For the past couple of months I have been working with Rawligion, based here in London, on developing a new line of desserts for their menu. The bonus feature of that job has been messing around with young coconut meat.
- For many years, young coconuts were very difficult to buy over here and, when you could, they were expensive. So I never got into playing around with them and learning about their culinary properties. That’s all changed now as you can easily get young coconut meat from Ocado ( in the UK ) and I know it’s relatively easy to get in the US too.

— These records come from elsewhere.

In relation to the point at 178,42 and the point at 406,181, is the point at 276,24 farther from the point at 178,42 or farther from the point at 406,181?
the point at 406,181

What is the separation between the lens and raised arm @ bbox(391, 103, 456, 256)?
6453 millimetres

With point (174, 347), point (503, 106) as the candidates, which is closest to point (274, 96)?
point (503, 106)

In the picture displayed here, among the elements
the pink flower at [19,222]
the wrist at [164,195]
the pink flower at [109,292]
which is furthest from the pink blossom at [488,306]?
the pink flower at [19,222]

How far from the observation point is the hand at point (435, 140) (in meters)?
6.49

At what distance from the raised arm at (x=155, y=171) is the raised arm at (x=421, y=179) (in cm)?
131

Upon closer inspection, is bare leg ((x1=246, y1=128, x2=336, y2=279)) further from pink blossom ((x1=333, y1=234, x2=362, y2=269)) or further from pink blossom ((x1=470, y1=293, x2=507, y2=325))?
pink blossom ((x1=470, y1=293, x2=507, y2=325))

- This tart is very easy to make and would be a fantastic accompaniment to any picnic or end of Summer bash you might be planning. It’s lighter than raw desserts tend to be and, due to the lovely, tart passionfruit, it’s fresh and clean tasting too. The chocolate crust keeps the richness you’d expect from a dessert, but it balances with the cream to create a well-rounded bite every time.
Chocolate Crust
Makes 6 tartlets
60g ( ½ cup tightly packed ) ground almonds
70g ( ¾ cup ) tigernut, oat or almond flour
60g ( ½ cup ) cacao powder
100g ( ½ cup tightly packed ) coconut sugar, powdered
50g ( scant ¼ cup ) cacao butter, melted
30g ( 2 tbsp ) water, as needed to bind
Method
- In a food processor, blend the first set of ingredient to combine well.

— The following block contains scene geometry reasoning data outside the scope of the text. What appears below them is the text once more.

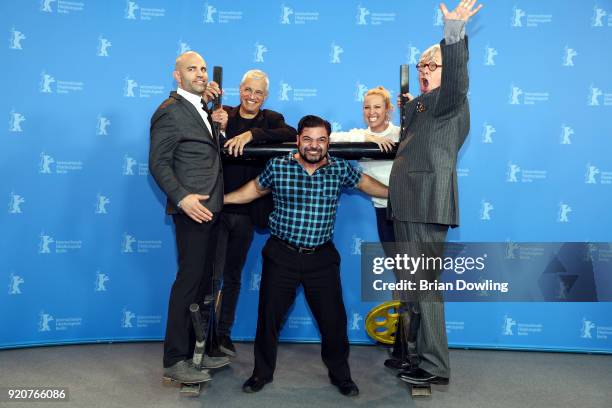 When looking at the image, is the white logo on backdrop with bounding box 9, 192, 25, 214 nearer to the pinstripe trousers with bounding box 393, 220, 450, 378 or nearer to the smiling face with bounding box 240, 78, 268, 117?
the smiling face with bounding box 240, 78, 268, 117

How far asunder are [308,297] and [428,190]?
0.90 m

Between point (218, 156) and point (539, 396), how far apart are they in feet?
7.39

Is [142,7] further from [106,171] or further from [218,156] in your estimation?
[218,156]

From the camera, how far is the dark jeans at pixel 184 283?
2883mm

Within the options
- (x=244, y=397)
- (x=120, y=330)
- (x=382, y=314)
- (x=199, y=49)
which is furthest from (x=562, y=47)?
(x=120, y=330)

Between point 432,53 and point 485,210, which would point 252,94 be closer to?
point 432,53

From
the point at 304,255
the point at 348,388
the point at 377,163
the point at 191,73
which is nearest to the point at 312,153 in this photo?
the point at 304,255

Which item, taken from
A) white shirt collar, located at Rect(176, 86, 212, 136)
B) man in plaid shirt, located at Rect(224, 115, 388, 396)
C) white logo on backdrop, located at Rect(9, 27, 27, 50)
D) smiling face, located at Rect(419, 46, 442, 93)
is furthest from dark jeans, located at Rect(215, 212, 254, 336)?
white logo on backdrop, located at Rect(9, 27, 27, 50)

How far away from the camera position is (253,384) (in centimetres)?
301

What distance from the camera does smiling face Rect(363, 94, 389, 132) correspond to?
3.42 meters

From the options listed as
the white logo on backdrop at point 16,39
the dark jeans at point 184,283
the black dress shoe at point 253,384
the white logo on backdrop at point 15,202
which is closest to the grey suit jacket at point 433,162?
the dark jeans at point 184,283

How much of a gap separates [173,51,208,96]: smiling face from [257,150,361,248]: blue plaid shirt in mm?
573

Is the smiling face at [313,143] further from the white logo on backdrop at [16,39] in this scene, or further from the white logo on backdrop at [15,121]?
the white logo on backdrop at [16,39]

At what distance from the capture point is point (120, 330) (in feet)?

- Add the second set of ingredients and pulse to mix. The mix should come together, but not be so moist that it forms into a ball in the machine.
- Line the tart tins with cling film, or use a greaseproof paper, and press the crust into the base, bringing it up the sides. Dampen your fingers as needed to smooth it out and keep it from sticking to your hands as you work it into the shell. Don’t over moisten your hands and dampen the crust too much.
- Pop in the freezer while you make the filling.
- If you prefer a dry, crisp shell, dehydrate them for 3 – 6 hours at 115f.
Passionfruit Custard
Makes 6 mini tartlets
300g ( 1 ½ cups ) coconut meat, pat dry
200g ( 1 ¾ cups ) cashews – soaked 1 hour and rinsed
150g ( ½ cup ) honey
200ml ( 2 ½ cups ) passionfruit juice
4 tbsp lemon juice
4 drops vanilla Medicine Flower Extract or ½ tsp powder
1 tsp turmeric powder ( optional for colour )
Pinch salt
75g ( ⅓ cup ) coconut oil, melted
50g ( ¼ cup ) cacao butter, melted
Method
- Blend all ingredients until smooth in a high speed blender. Use tamper if needed to keep it moving.
- Pour into the prepared crusts and set in the freezer for 20 mins or until firm to the touch in the centre of the tart.
- Serve with fresh passionfruit and shaved chocolate.